I have seen Clutch probably 25 or so times since '93 and enjoy JPs performance every time .

last time I saw them was the Robot Hive tour at a small club out my way called Starland Ballroom..... they opened with The Incomparable Mr. Flannery and I was standing right at the front of the stage
JP comes out while the stage is still dark finishing a sandwich .....shoves the last large bit into his mouth and starts playing the opening groove to the tune .....he chewed on that wad of sandwich for probably a 3rd of the tune.

that always stuck with me

big heavy weight cat eating a sandwich and grooving like he is dragging a bag of bricks around the stage

love it

I've taken lessons with him via Bandhappy.
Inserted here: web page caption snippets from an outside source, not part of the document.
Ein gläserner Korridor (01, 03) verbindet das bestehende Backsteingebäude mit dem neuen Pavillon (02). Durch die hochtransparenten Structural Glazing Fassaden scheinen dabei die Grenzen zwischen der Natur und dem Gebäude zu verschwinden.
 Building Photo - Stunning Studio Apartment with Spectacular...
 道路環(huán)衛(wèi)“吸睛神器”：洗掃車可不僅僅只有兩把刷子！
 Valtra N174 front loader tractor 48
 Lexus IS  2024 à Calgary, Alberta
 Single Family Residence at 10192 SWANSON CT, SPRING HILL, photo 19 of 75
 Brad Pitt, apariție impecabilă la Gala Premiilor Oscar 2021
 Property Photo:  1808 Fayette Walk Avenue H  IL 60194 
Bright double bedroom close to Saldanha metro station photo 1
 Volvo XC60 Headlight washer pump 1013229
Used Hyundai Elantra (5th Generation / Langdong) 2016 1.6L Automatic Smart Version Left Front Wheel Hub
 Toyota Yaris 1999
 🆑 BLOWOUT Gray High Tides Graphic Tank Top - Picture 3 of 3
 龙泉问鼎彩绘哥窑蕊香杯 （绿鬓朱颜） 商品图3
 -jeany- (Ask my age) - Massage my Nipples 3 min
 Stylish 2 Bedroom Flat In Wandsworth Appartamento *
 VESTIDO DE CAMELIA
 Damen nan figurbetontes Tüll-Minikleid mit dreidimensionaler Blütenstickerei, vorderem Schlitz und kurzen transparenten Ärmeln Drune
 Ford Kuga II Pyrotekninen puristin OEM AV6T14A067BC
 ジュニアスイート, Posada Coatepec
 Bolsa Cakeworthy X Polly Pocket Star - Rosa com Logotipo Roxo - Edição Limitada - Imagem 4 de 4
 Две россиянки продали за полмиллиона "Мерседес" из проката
A very humble and respectable human being. They play in my area quite often, either Knoxville or Chattanooga. I get out to see them when I can. A real class act.
 
Connie Kay is my all time number 1 favorite jazz drummer! So naturally this thread demands my attention. Let me share a few more great drummers you might not have heard of starting with John Poole. John was Anita O'Day's drummer and road manager for 32 years. He is considered one of the best, a true master of brush techniqe. I saw him with Anita and Buddy Rich in the mid-1960s on consecutive nights. O'Day and Poole traveled with and performed with the Buddy Rich Big Band during that time. Poole was the better of the two with brushes, an opinion that even Buddy conceded. Not as well known is that in 1940, John won the US Rudimental Drum Chapionship at age 14. In the early 1950s he toured with Charlie Parker and Dizzy. This guy can be heard on many of Anita O'Day recordings and you will not believe that this guy is not famous. Another underrated drummer is Denzil Best, who was the first and in my opinion best of George Shearing's drummers in the early to mid - 1950s. Denzil was also a very accomplished brush man. George Wettling was the CBS house drummer in NYC from the 1930s thru at least the early 1950s. He played with a lot of people in and around 52nd Street, and on a number of Keystone and Commodore Recordings during that era. He was a guy who had fun and it comes through loud and clear on all of his recordings. Another guy to single out is one who played in a Latin idiom from the 1970s on to the present is Airto Moreira. Airto is a consumate percussionist, not normally associated with the kit, but wow can he play. Great technique, complex rhythmic patterns, always restrained. He understands his role in support of the musicians he is playing with like no other. Finally I would like to single out Herlin Riley, as being my favorite of a long list of outstanding drummers coming out of New Orleans. I like his work with Wynton Marsalis in particular. If a NO drummer can be considered to be understated, this is the guy. Taste, feel, groove, just a great, great player.